T-S Ar. 31.143: 11th or early 12th-century copy, showing the tabular layout that is characteristic of the Book of Rules
My analysis of grammatical theories and pedagogical strategies reflected in Kitāb al-ʿUqūd has recently appeared in the Cambridge Genizah Studies Series, Brill (Vidro 2011), under the title Verbal Morphology in the Karaite Grammatical Treatise Kitāb al-ʿUqūd fī Taṣārīf al-Luġa al-ʿIbrāniyya. A critical edition and English translation of this fascinating medieval grammar has also just been published in the same series (Vidro 2013), under the title A Medieval Karaite Pedagogical Grammar of Hebrew: a critical edition and English translation of Kitāb al-ʿUqūd fī Taṣārīf al-Luġa al-ʿIbrāniyya.
Bibliography
Ben-Shammai, H., 2010, ‘Is “the Cairo Genizah” a proper name or a generic noun? On the relationship between the genizot of the Ben Ezra and the Dār Simḥa synagogues’, in B. Outhwaite & S. Bhayro (eds), ‘From a Sacred Source’, Leiden/Boston, Brill.

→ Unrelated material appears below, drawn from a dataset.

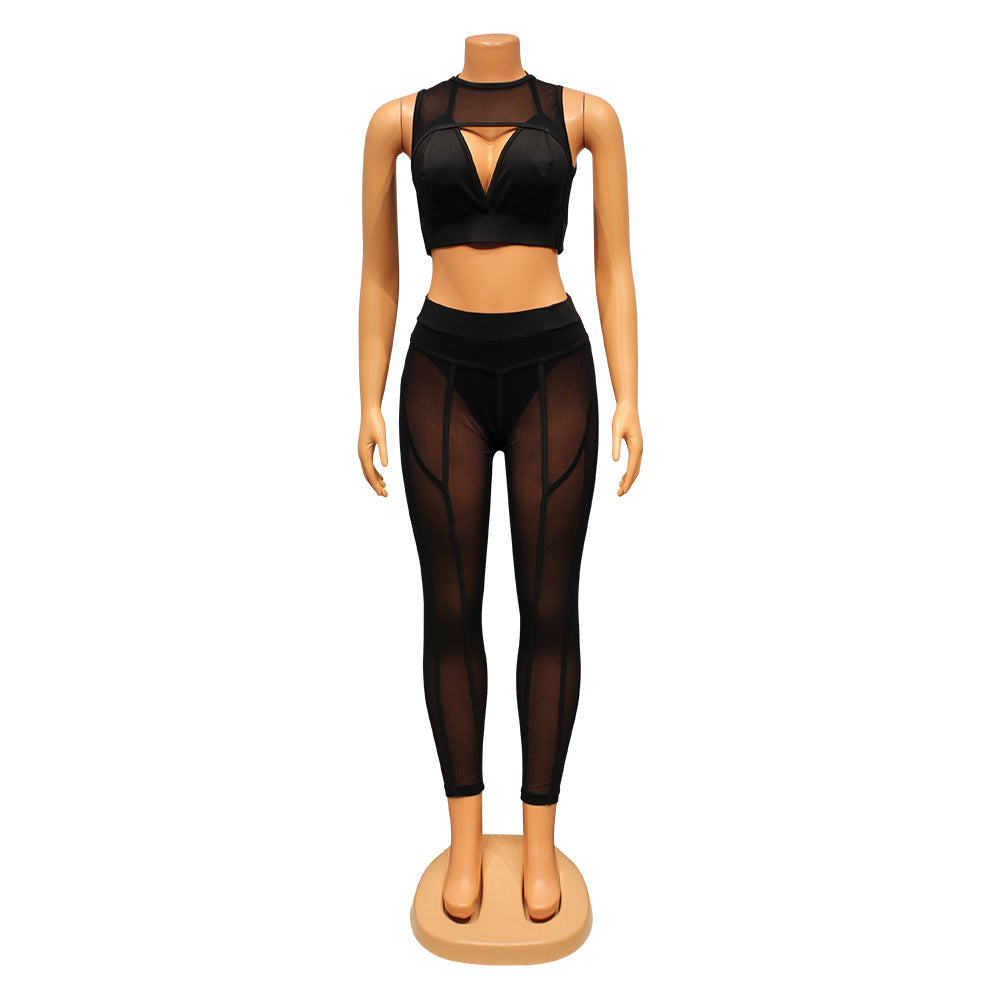 See-through Pants Two-piece Set For Women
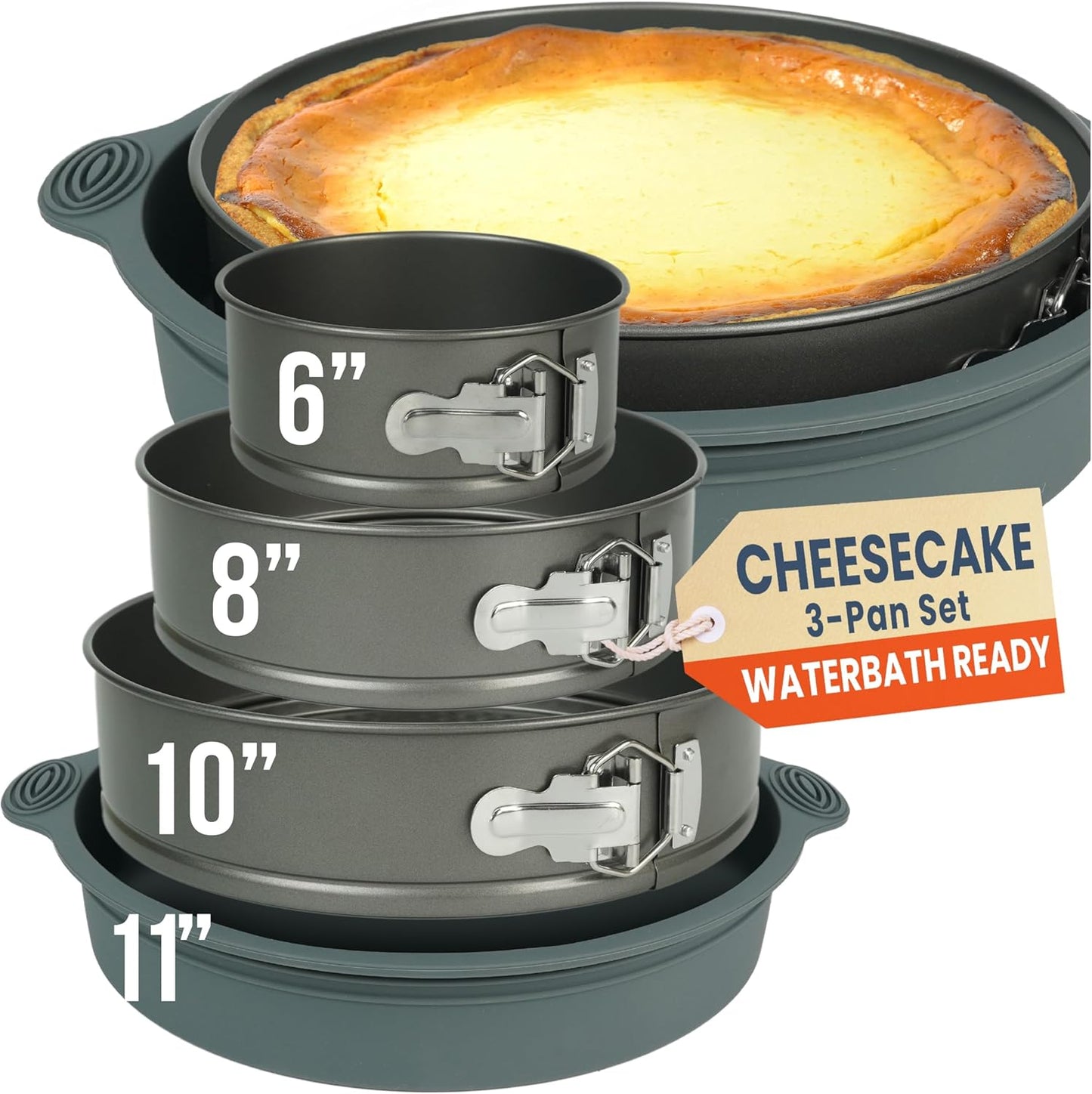 Cheese Cake Pans for Baking, NON-STICK Springform Pan Set &amp; SILICONE SLEEVE | 6, 8, 10 in, NO LEAKS IN WATER BATH - Sturdy Silicon Protector for FOIL-FREE Cheesecake Baking, Durable Carbon Steel 0.4 mm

Elkin, Z., M. Ben-Sasson, 2002, ‘Abraham Firkovitch and the Cairo Genizahs in the light of his personal archive’ (Hebrew), Peʿamim 90, pp. 51-95.
Vidro, N., 2011, Verbal Morphology in the Karaite Grammatical Treatise Kitāb al-ʿUqūd fī Taṣārīf al-Luġa al-ʿIbrāniyya, Leiden/Boston, Brill.
Vidro, N., 2013, A Medieval Karaite Pedagogical Grammar of Hebrew: a critical edition and English translation of Kitāb al-ʿUqūd fī Taṣārīf al-Luġa al-ʿIbrāniyya, Leiden/Boston, Brill (forthcoming).